Unseld Jr. credited his upbringing in the Baltimore area for shaping him as an individual and a coach.
“Those environments were great for my formative years,” he said. “I was around great coaches where it wasn’t necessarily just about winning. It was about building habits and well-rounded human beings. As the Jesuits would say, ‘Men for others.’ You kind of carry some of these little tidbits with you, and as I take a step back, that is our goal. Yes, we want to win. This is a results-driven business. But it’s also part of the journey, and obviously, when you have great people around you, that journey is that much more special.”
Nelson said he admires Unseld’s patience in his development to becoming a head coach.
“As I look back, he was so into doing the right thing at the right time,” Nelson said. “It was never about Wes. It has taken him a while to get this opportunity, and I think possibly one of the reasons is he was never up there trying to sell himself, and I give him so much credit for that. He has really paid his dues.”

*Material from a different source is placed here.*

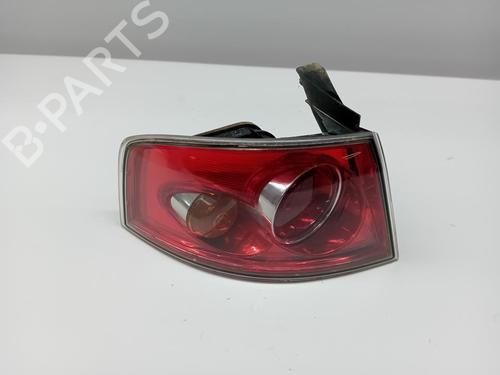 Used Left taillight Left taillight SEAT IBIZA III (6L1) [2002-2009] 36322331 36322331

With the Wizards, Unseld Jr. inherits a roster headlined by a pair of All-Stars in shooting guard Bradley Beal and point guard Russell Westbrook and fortified by youthful talent in centers Thomas Bryant and Daniel Gafford and small forwards Deni Avdija and Rui Hachimura. Blending them into a productive unit against Eastern Conference rivals such as the Milwaukee Bucks, Philadelphia 76ers and Atlanta Hawks will be a top priority, but Richardson expressed confidence in Unseld’s ability to do so.

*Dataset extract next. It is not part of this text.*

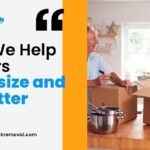 How We Help Seniors Downsize and Declutter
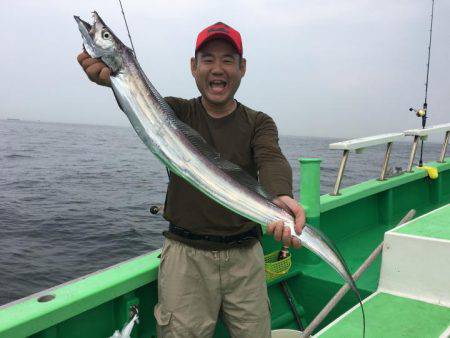 中山丸 釣果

“I think he will have their respect,” he said. “Based on his resume and based on his years of experience as an assistant coach in the NBA and the people that he’s worked with, I think he will come into the door with a certain amount of respect that superstars will have for the people who they think know the game. I don’t think it’s going to be one of those things where people are going to question, ‘Does he really know the game? Does he know what he’s doing?’ I don’t think that’s going to be a problem.”